Pharaoh
- Reign: possibly a year between 393 and 380 BCE
- Predecessor: uncertain
- Successor: uncertain
- Royal titulary
- Dynasty: 29th Dynasty

= Muthis =

Possible Egyptian Twenty-ninth Dynasty pharaoh

Muthis may have been an ephemeral ancient Egyptian pharaoh of the Twenty-ninth Dynasty.

==Biography==
He is sometime reported as a son of Nepherites I who ruled for a brief time before being deposed by an usurper, Psammuthes. However, this statement is based on an interpretation of a passage in the Demotic Chronicle:
His son (i.e. of Nepherites I) was allowed to succeed him. (But) a short time was vouchsafed to him... Nevertheless, the Demotic Chronicle never mentions the name of Muthis and, as pointed out by the Egyptologist John D. Ray, "his son" could be a reference to Hakor instead.

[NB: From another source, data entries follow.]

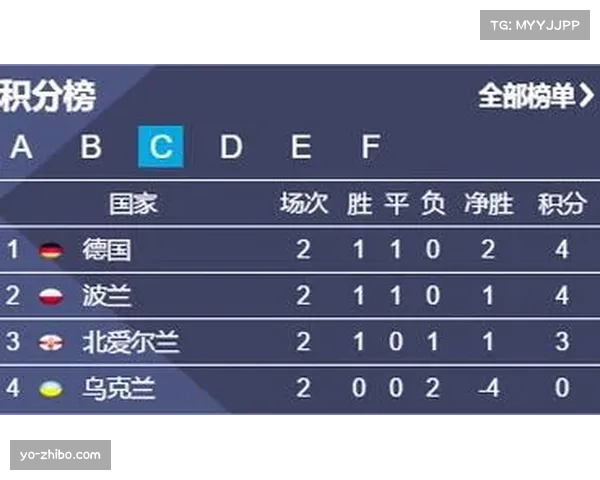 球探比分技术应用于赛事 提供实时数据与统计分析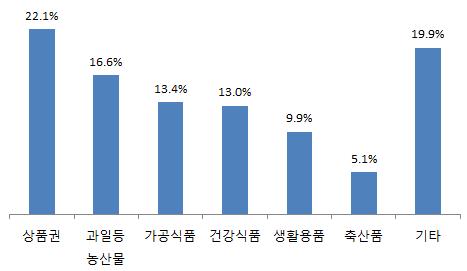 언론기사 ( 롯데, 현대, 신세계 3 사합계 ) 자료 : 대한상공회의소 (2013 년설날 ) [ 그림 3] 선물선호도조사결과 (2) [ 그림 4]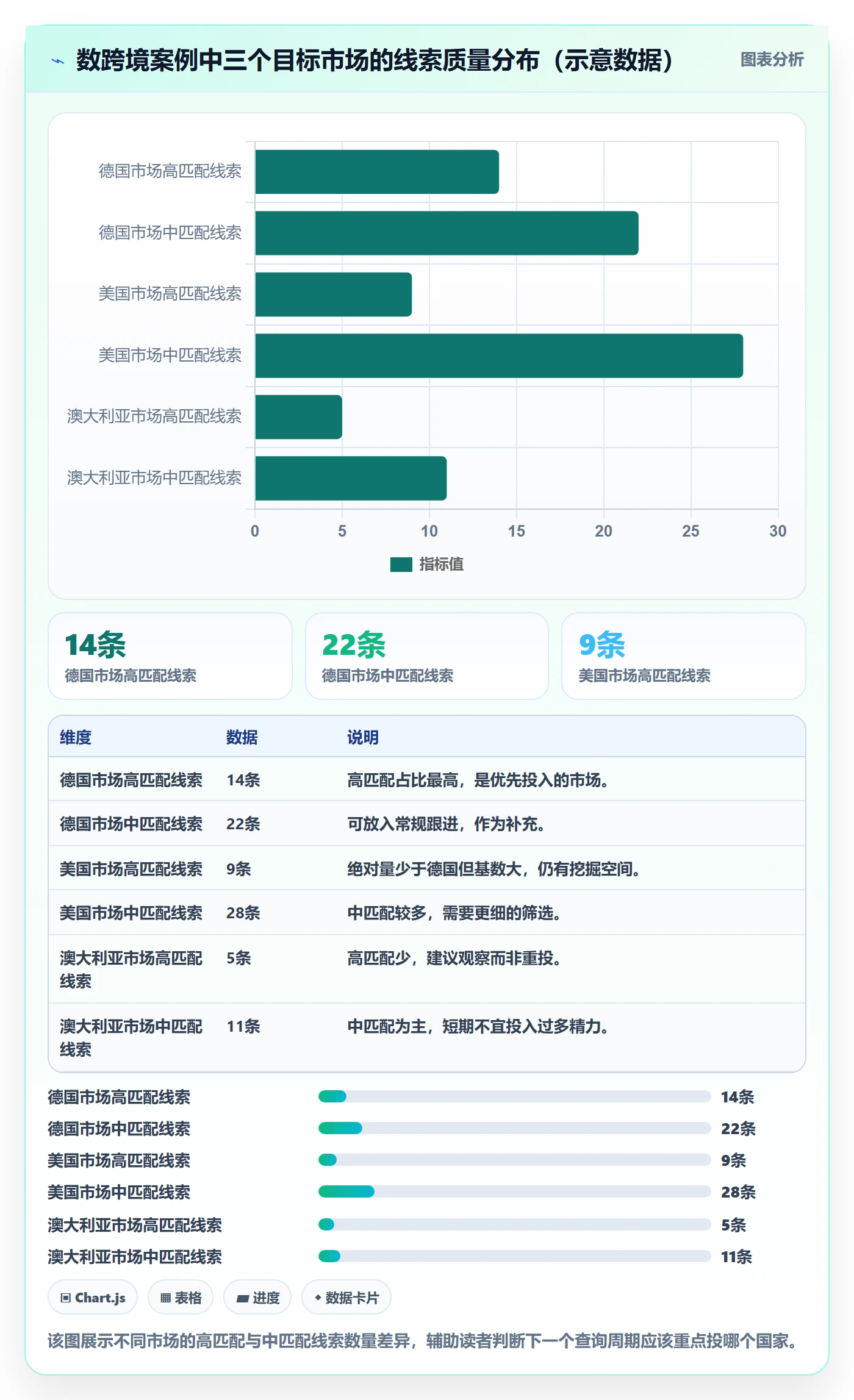 外贸数据分析平台管理模板：围绕买家查询开展入门指南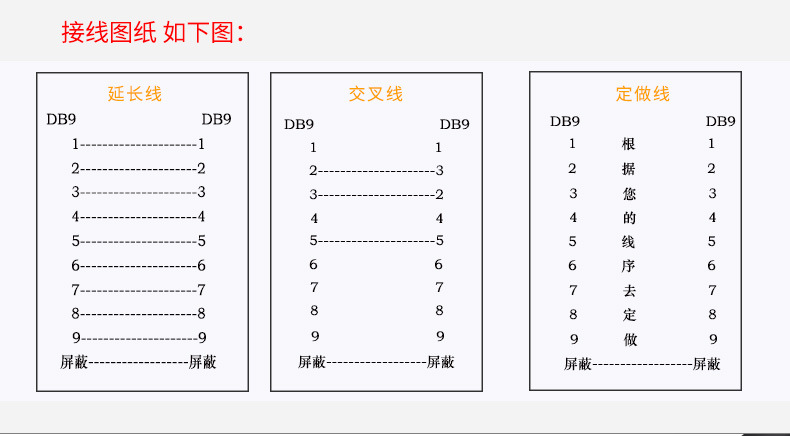 订做rs232串口线延长公对公/9针对针com口线直连交叉8米10米纯铜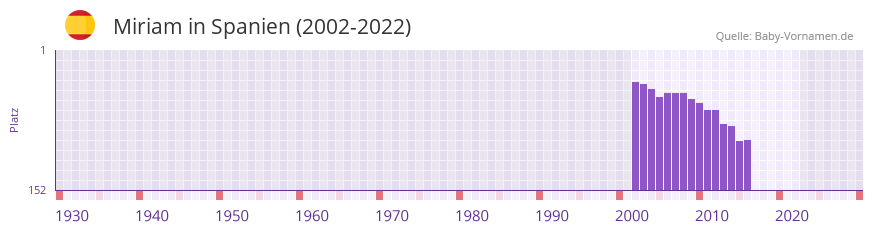 Miriam in der Vornamen-Hitliste von Spanien (2002-2022) Miriam in der Vornamen-Hitliste von Spanien (2002-2022)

It is also possible that Muthis was a very shadowly usurper, maybe related to the other usurper Psammuthes. Another option is that "Muthis" was simply a copying error, and therefore never existed; the latter hypothesis is supported by the fact that the name is clearly hellenized but there are no clues of what could have originally meant "Muthis" in Egyptian.

==Attestations==
His name does not appear on any monument, and he is only mentioned by Eusebius's Epithome of Manetho. Eusebius gave him a single year of reign and placed him at the very end of the dynasty, after Nepherites II; however, the Armenian version of Eusebius placed him between Psammuthes and Nepherites II.

==Bibliography==
Ray, J.D., 1986: "Psammuthis and Hakoris", The Journal of Egyptian Archaeology, 72: 149–158.